本文提出兩種具有繞折式彈簧之CMOS-MEMS電容式麥克風，利用繞折式彈簧設計使麥克風振膜之剛性得以降低，且使其運動更為接近理想的平行板接近感測模式，再搭配上較厚的結構層以及材料堆疊的選擇與配置來抑制殘餘應力所產生的翹曲，此外本研究亦引入陣列式麥克風設計進一步提升元件的感測性能。微麥克風的設計從其相關的理論分析著手，並利用電腦輔助軟體對元件之各項性能進行模擬設計。製造上採用TSMC T18 1P6M製程平台搭配實驗室後製程的方式完成元件。最後將對麥克風元件的機械薄膜與聲學特性進行量測、分析與討論。根據實驗量測之結果，此結構設計方式能成功地將麥克風實現於CMOS平台上，使用陣列式麥克風能大幅度的提升整體元件的感測靈敏度以及訊噪比，此外特殊的振膜結構配置對於單一麥克風元件之感測性能亦有一定程度的提升。
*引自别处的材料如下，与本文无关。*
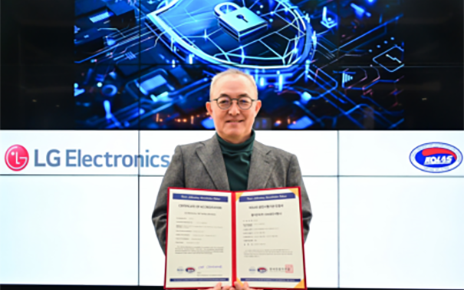 A picture of Park In-sung, head of the Software Center at LG, holding the accreditation acquired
This study presents two different CMOS-MEMS microphone designs with serpentine spring structure. The serpentine spring structure not only can decrease the stiffness of diaphragm but also can change the diaphragm motion into piston-type movement to improve the microphone sensitivity. On the other hands, by using thick structure and material arrangement can help to resist the bending which caused by residual stress effect. Array type microphone design which can enhance device sensitivity also has be included in this work. In microphone design, computer-assisted software had been use to simulate the properties of micro-structure. The microphone had been implement by using TSMC 0.18μm 1P6M fabrication process, and in-house post-CMOS process. Finally the measured microphone mechanical and acoustic properties would be given. According to the measurement results, two of microphone design had been implement successfully. Array type microphone could effectively enhance device performance. In addition, special diaphragm design could also improve the sensitivity in single type microphone.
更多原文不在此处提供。